I love my job cooking for visitors and I have very good experience after cooking for 20 years with Robin Pope safaris. I have lots of recipes for cooking and anything you like to eat I can make so you are welcome.
Bernard, the mechanic
To me the most important thing is that the vehicles never broke down. There are no potholes, no tar roads, just deep white sand and small tracks. I enjoyed driving each week to collect the new guests and do the pontoon crossing. I went on a wooden boat with over 1000 litres of fuel, 2x 40kg gas cylinders, crates of beers and wine and the engine broke down. It was only 30 horsepower. 8 hours later, I arrived back in camp and lucky it was a full moon so I could find my way back on those hard roads.
When I went to town to collect our guests, I used to take all the cell phones from the camp staff and send the messages to the families because we were so far away from them. They were very happy to have the greetings.
I also liked to stay at the Hollywood hotel, nice rooms with TV and food. I’ve stayed there 3 times. I would enjoy to stay at Liuwa for a long time again and I managed to take some snaps with my new camera which sometimes doesn’t work. I’m looking forward to seeing the results.
Thank you, Robin Pope for bringing such a wonderful team to such a beautiful place. I would love that I come back. Thank you.
Michelle, the hostess
To spend my birthday in such a gorgeous place was fantastic. I even scored a trip in the Park Manager’s microlight. Seeing the plains from a plane was one of the most beautiful sights I’d ever seen, such beautiful landscapes and golden scarlet skies with thousands of wildebeest.

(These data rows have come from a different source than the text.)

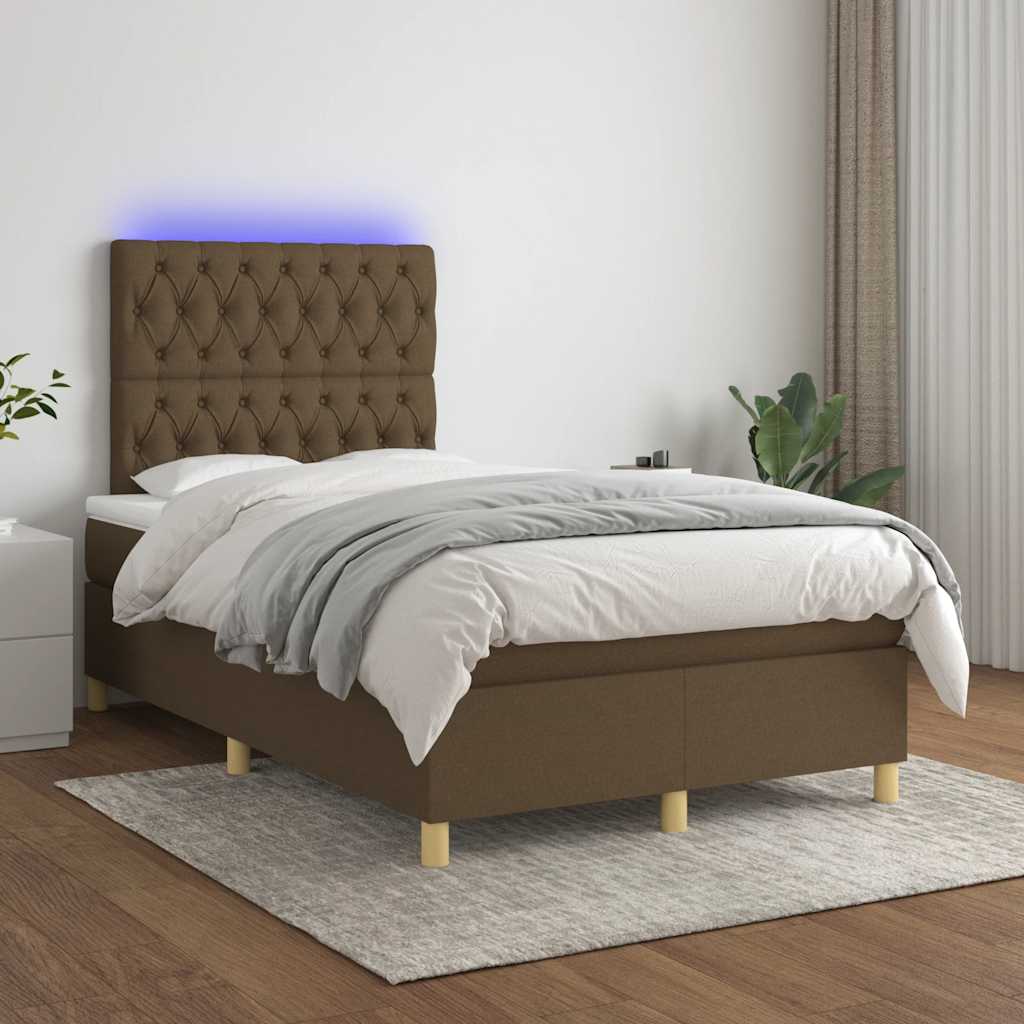Sommier à lattes de lit matelas et LED marron foncé 120x190 cm - XIOS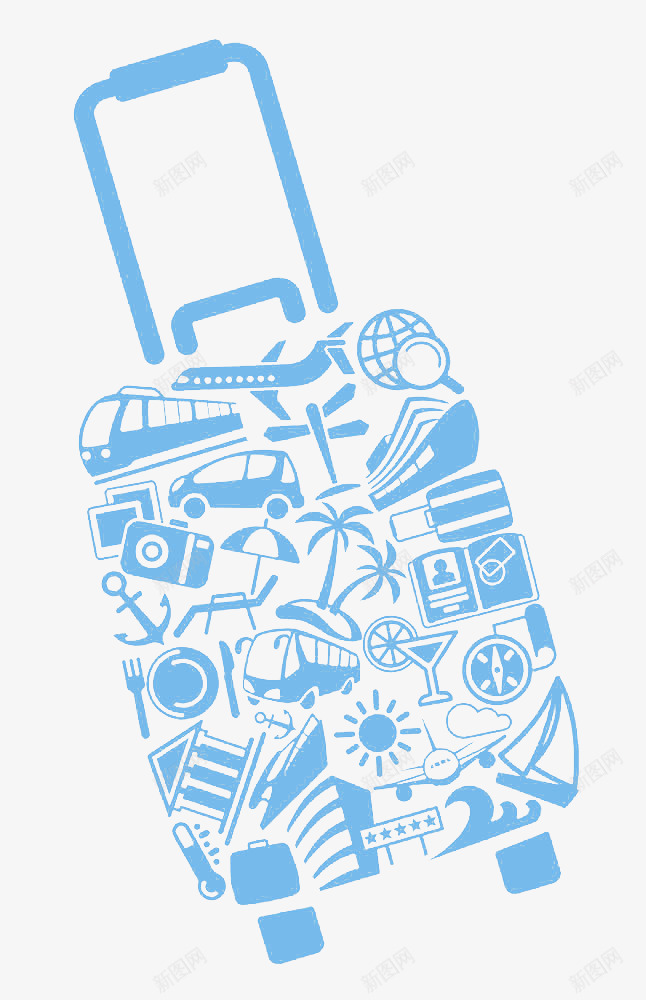 创意行李箱png免抠素材_新图网 https://ixintu.com 出行 创意行李箱 度假 旅游 旅行团 海边 特色风景 行李箱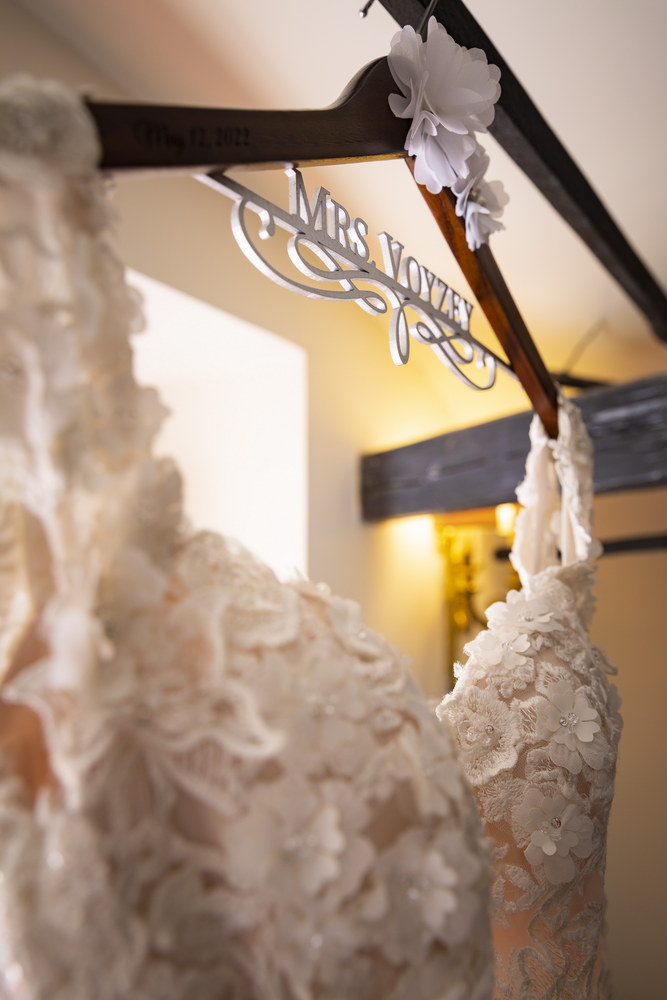 Wedding dress hanger with inscriptions closeup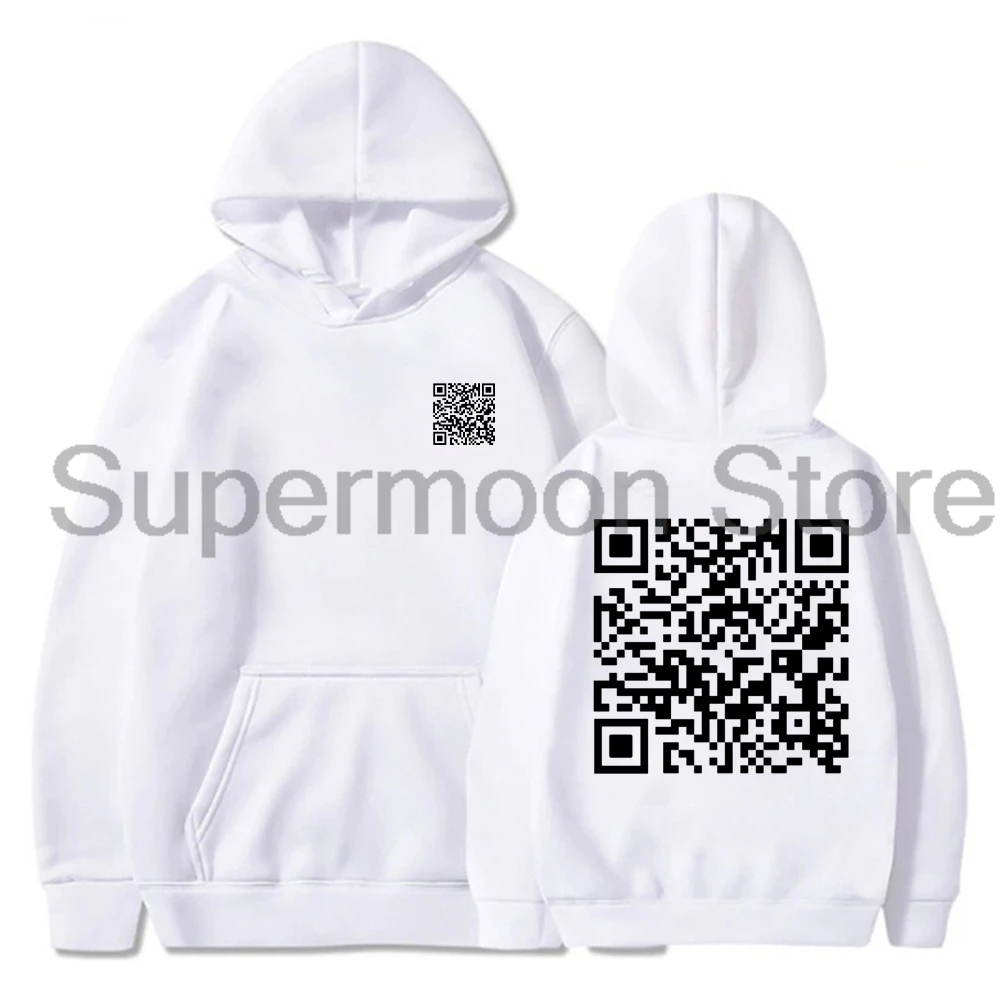 QR Code Fu You Graphic Funny Hoodie Unisex Long Sleeve Streetwear Women Men Hooded Sweatshirt Couple Clothes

Once, seeing 4 wild dogs at sunset and then witnessing a cheetah kill, only 2kms outside camp, was a huge highlight - the whole thing from the chasing, to the catching, to the chomping! Incredible!
I never felt so good, such clean fresh air and delicious healthy meals. I even got the staff into a bit of a yoga routine in the mornings, which was highly amusing!
But the biggest highlight for me was being a part of the lion males introduction to Liuwa and was at my happiest to see Lady Liuwa ‘bonding’ with her suitors. I look forward to seeing a new Liuwa pride of lions in November!
Robin, the Bwana
Well, for a start, I’m just so proud of everyone. To go out to such a remote place, a new area and not have any hiccups. It was great to go somewhere different, a new environment with blue lagoons and varieties of birds I hadn’t seen before. I loved the open grassy plains and driving out to the horizon and witnessing the most incredible scenery I’d ever seen.
I’m happy that the lions were seen mating and look forward to seeing the cubs when we return in November. The biggest highlight for me, was perhaps the 60-70 head of cattle being herded across the Zambezi River. The herd Bull in front following a guy drumming , with dugout canoes on either side so they wouldn’t get swept down the river. The guy drumming and the cattle just following, was a magical sight.
Also, it was so fantastic to see how many of our regulars came back (some 20 years later!!) to visit us in such a different place. Thank you to them and especially to all the staff that made this such a flawless, memorable 7 weeks!
Jason the guide
It was just amazing to see such a different and new place. It was very nice to see everyone working as a team so far away from our home and not a cross word between everyone. It was also great to see the guests enjoying themselves so much and getting as much out of the place as we did. New places are always good as they shake any complacency one might have from years of working in a place you know well. Was great to see a neglected park recovering and to be a part of that process, by proving that safaris can work there, successfully. A highlight? When the male lions escaped! I know it was a tricky moment from the African Parks perspective because the lions could have just kept going but I just felt relief! Humans had done their bit, now the lions were taking control of their own fate.